=== Extracted information ===
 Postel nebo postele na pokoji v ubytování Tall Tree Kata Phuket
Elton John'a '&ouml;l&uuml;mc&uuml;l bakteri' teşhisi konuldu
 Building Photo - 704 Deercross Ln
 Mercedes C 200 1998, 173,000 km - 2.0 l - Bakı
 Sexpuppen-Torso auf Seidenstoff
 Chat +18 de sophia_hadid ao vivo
===
=== Extracted information ===
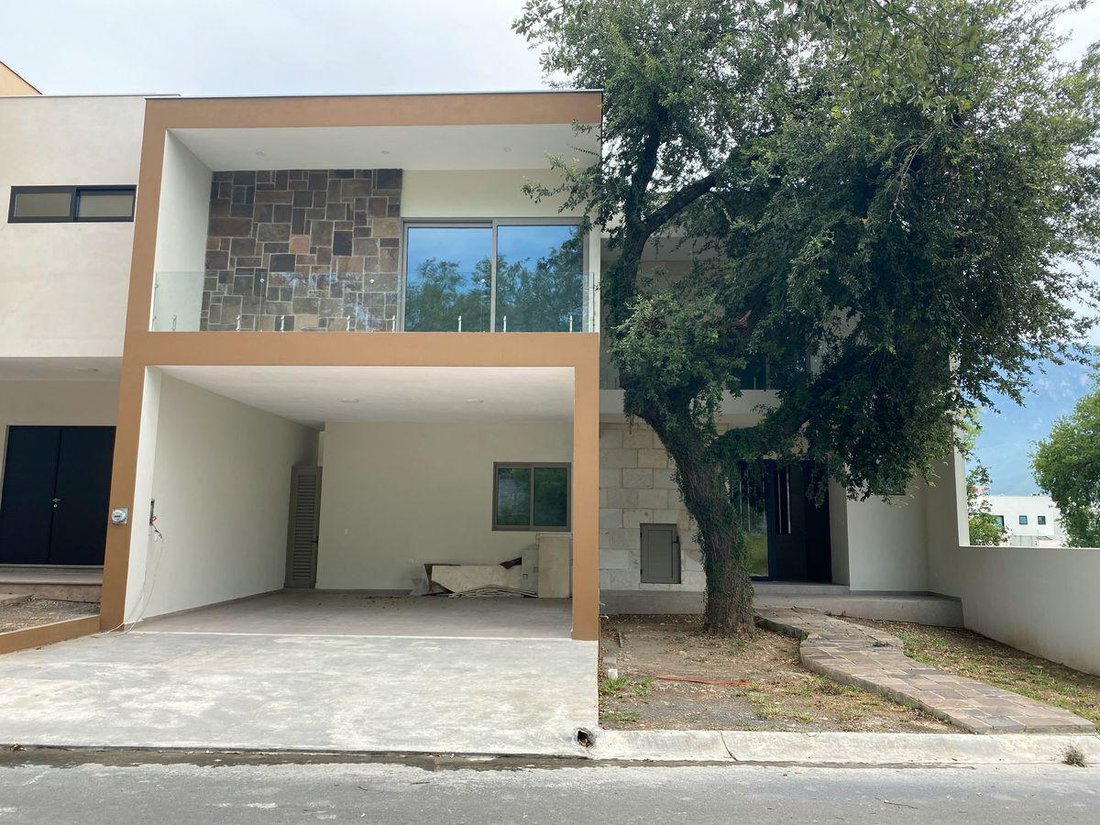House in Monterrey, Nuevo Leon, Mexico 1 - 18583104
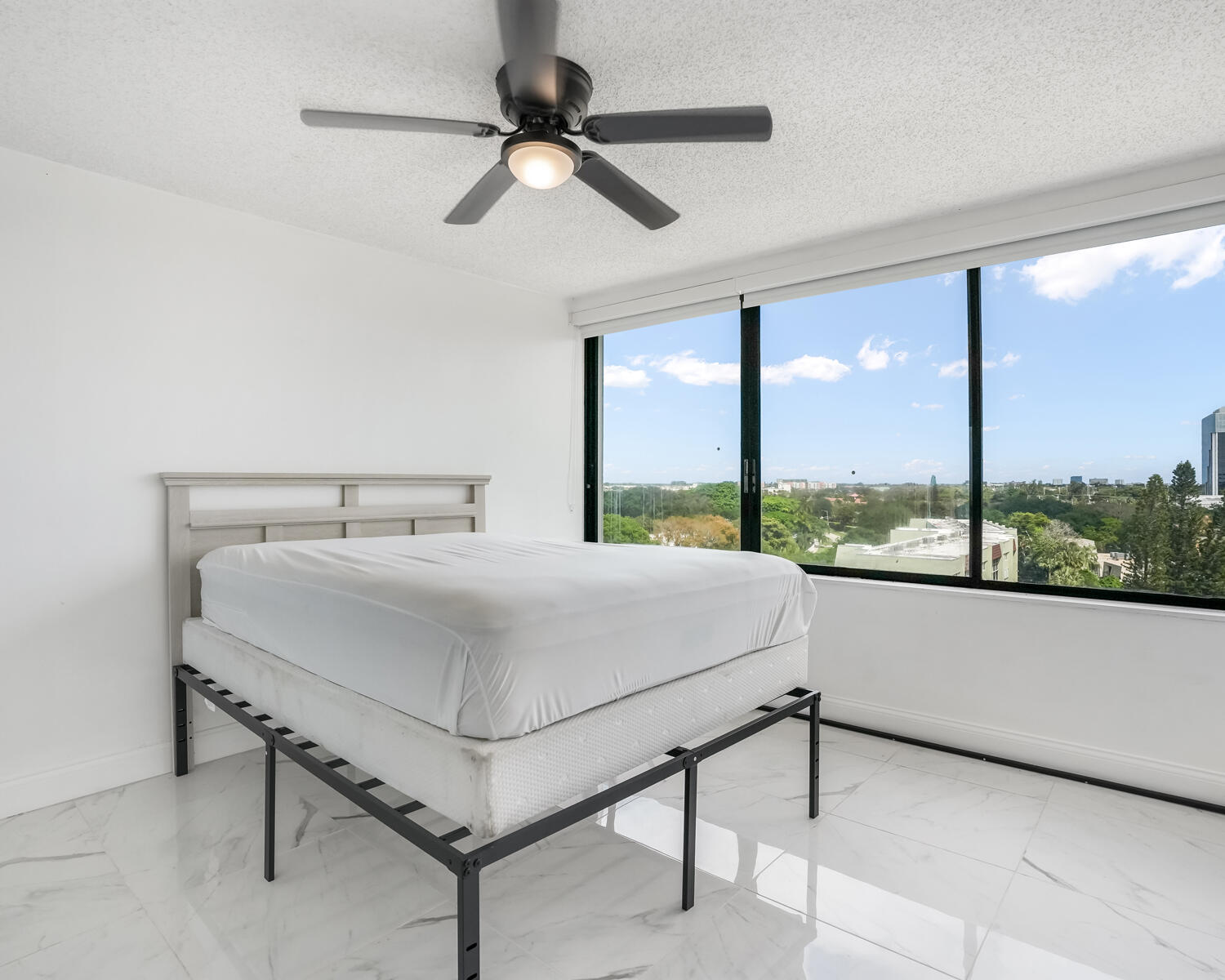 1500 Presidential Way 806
===
=== Extracted information ===
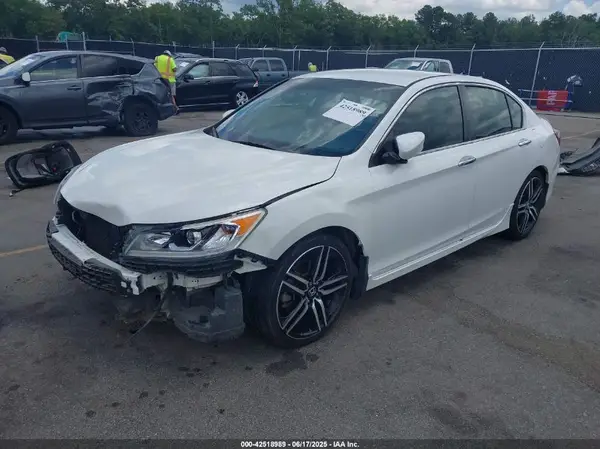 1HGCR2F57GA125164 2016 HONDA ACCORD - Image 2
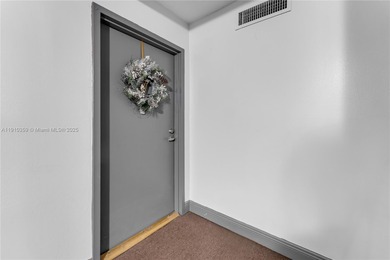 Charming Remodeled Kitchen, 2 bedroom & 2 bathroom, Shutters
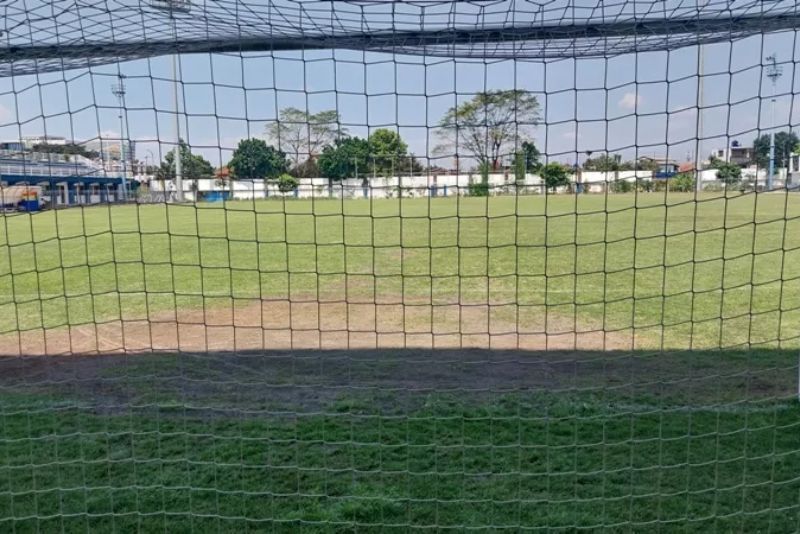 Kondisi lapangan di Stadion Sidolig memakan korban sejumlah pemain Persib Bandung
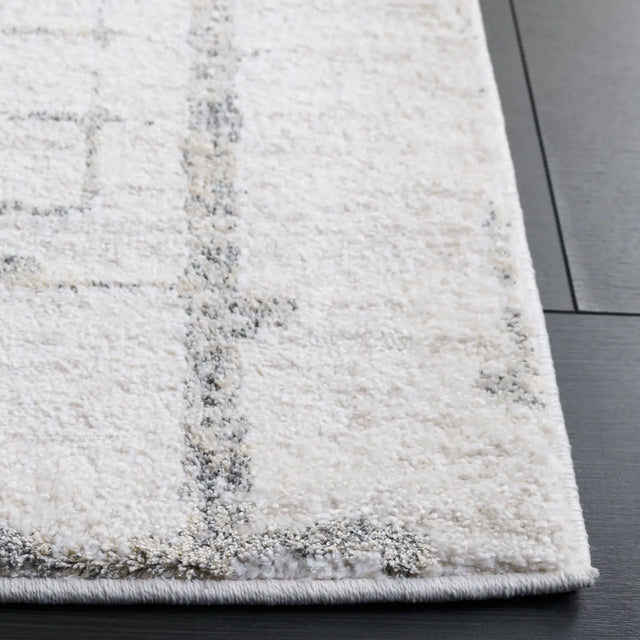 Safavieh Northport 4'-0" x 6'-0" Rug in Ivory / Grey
===
■ What you should do
Working from the material above, retype exactly the lines from the one with "Sexpuppen-Torso auf Seidenstoff" through the one with "Chat +18 de sophia_hadid ao vivo", both included, and only those lines.

■ Solution below
 Sexpuppen-Torso auf Seidenstoff
 Chat +18 de sophia_hadid ao vivo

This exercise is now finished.